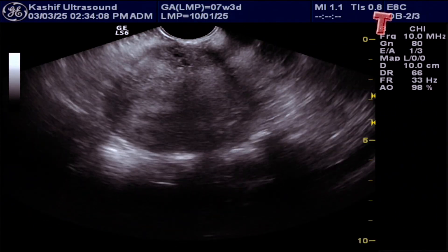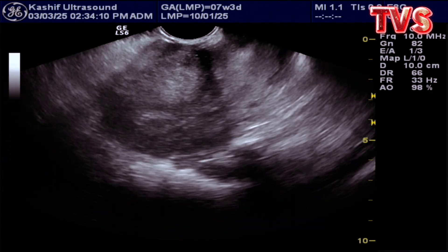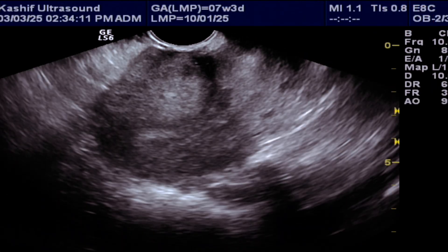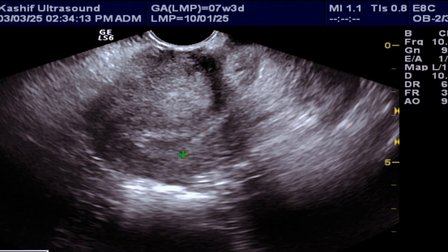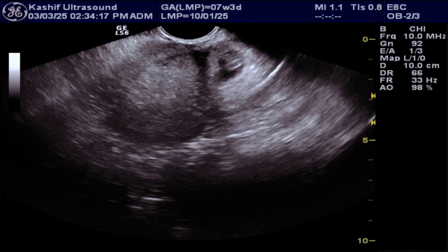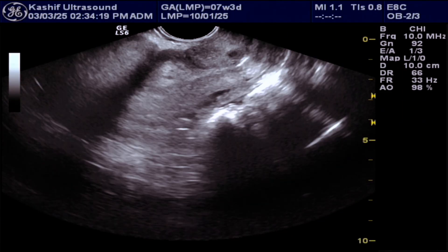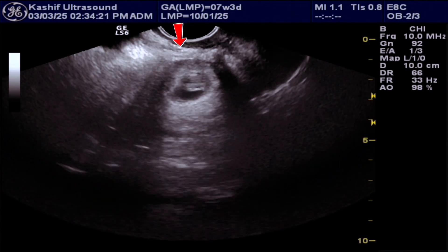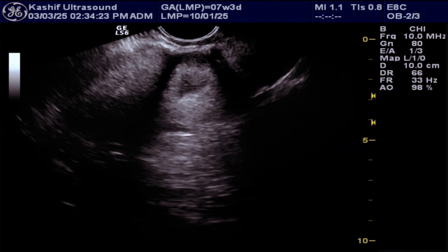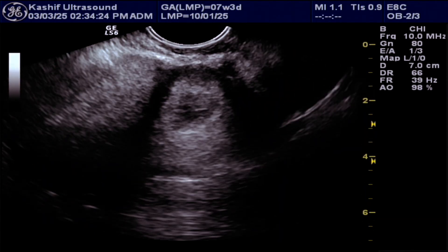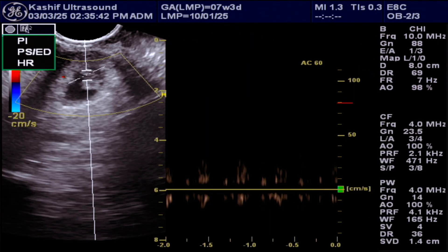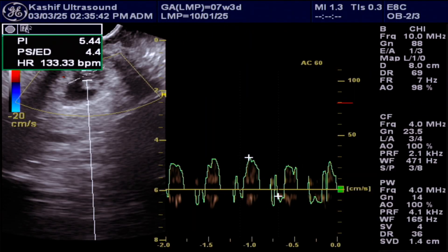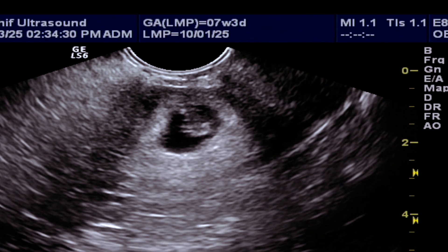Transvaginal ultrasound provides better visualisation. The endometrial cavity is well-defined and is empty. A well-defined gestational sac is visualised in the lower third uterine segment involving the anterior myometrium at the scar site. It has a live fetal pole with positive colour flow and heartbeat. There is marked thinning of the myometrium anterior to the gestational sac.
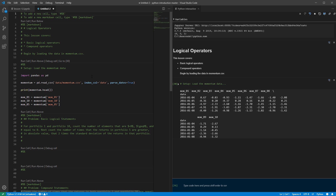Logical statements are in practice very important. They play a big role when we want to do so-called program flow — that is, we want to make decisions based on values of data. For example, if a return was negative, we'll want to do one thing; if return was positive, we'll want to do something else. We'll see these very soon in a follow-up lesson on if blocks.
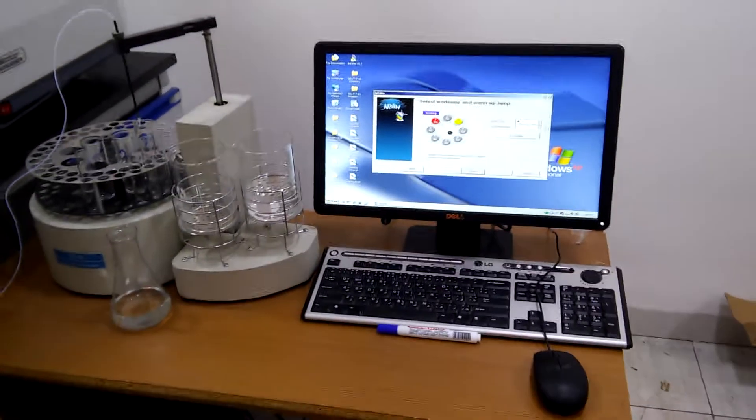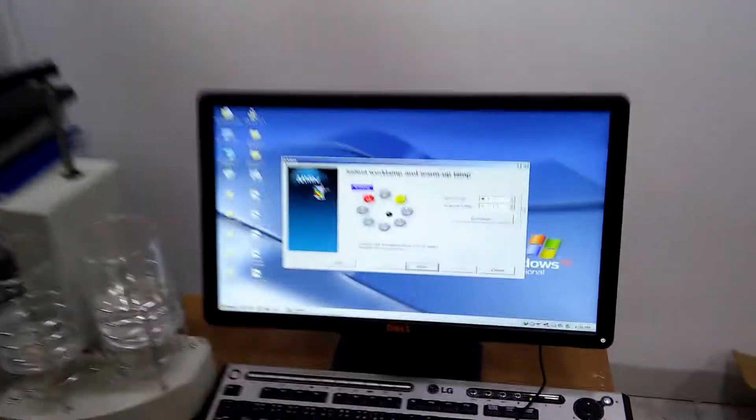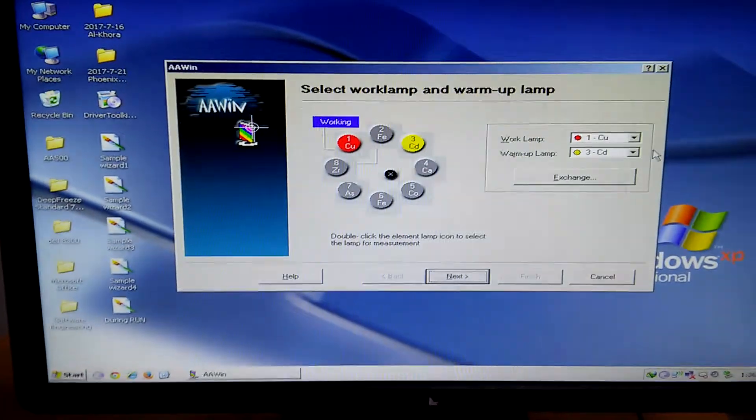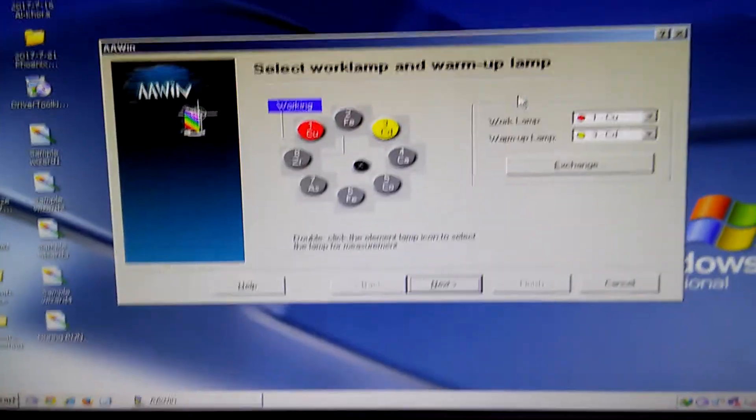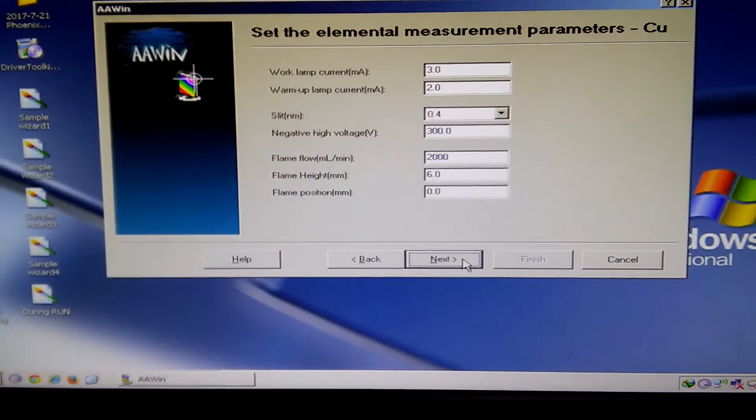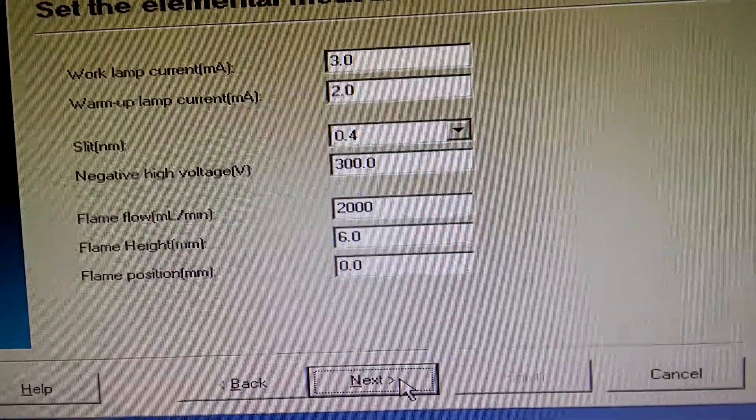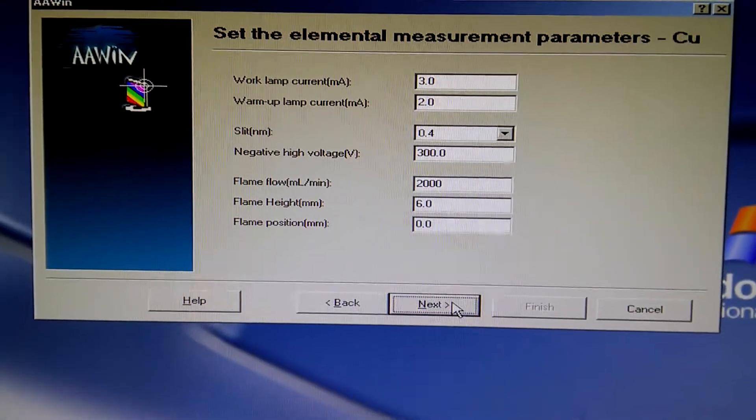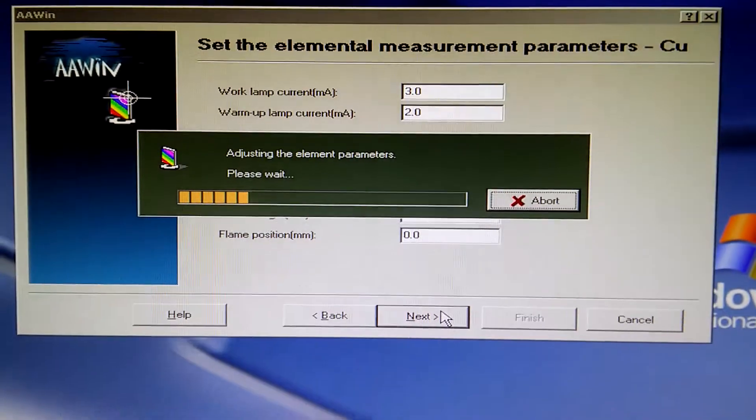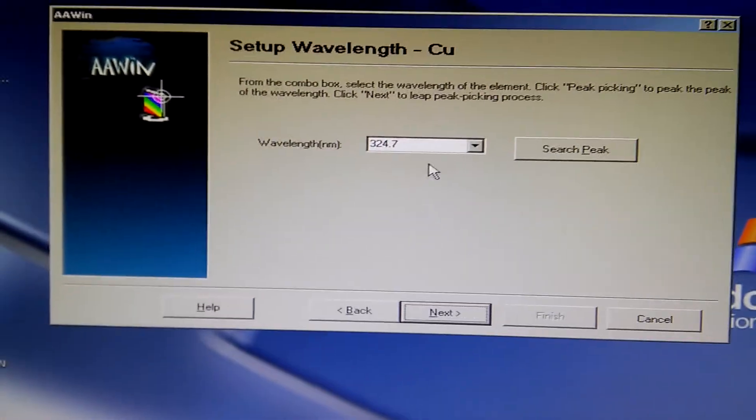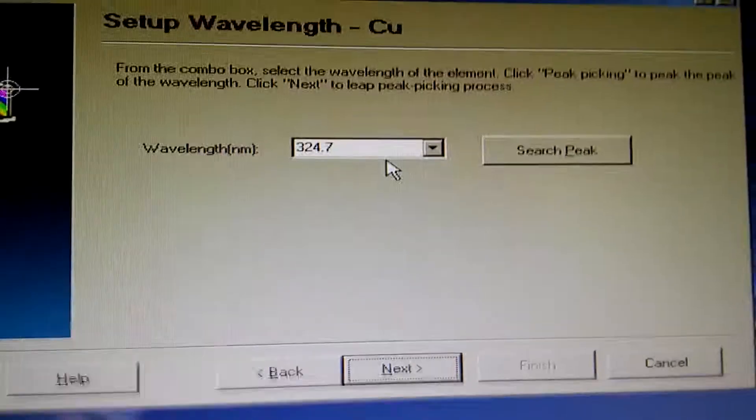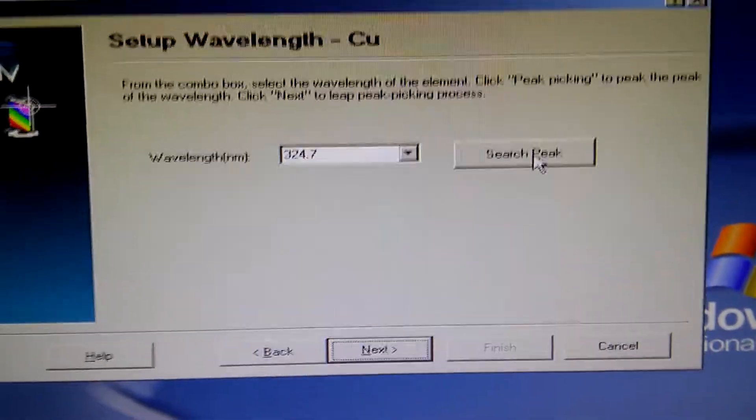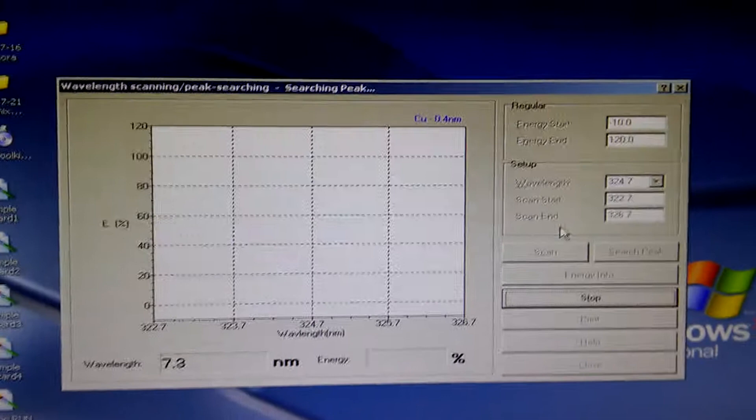Hello again. The initialization step has completed successfully and we have this panel. Now press next. These are the default settings for the hollow cathode lamp of copper. Press next again and this is the wavelength used to determine the copper in the samples. Now press search peak and wait.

▸ **Instructions to follow**
Every line of the material must be reproduced verbatim; the pictures are to be omitted.

▸ **Exercise answer**
Transvaginal ultrasound provides better visualisation. The endometrial cavity is well-defined and is empty. A well-defined gestational sac is visualised in the lower third uterine segment involving the anterior myometrium at the scar site. It has a live fetal pole with positive colour flow and heartbeat. There is marked thinning of the myometrium anterior to the gestational sac.
Logical statements are in practice very important. They play a big role when we want to do so-called program flow — that is, we want to make decisions based on values of data. For example, if a return was negative, we'll want to do one thing; if return was positive, we'll want to do something else. We'll see these very soon in a follow-up lesson on if blocks.
Hello again. The initialization step has completed successfully and we have this panel. Now press next. These are the default settings for the hollow cathode lamp of copper. Press next again and this is the wavelength used to determine the copper in the samples. Now press search peak and wait.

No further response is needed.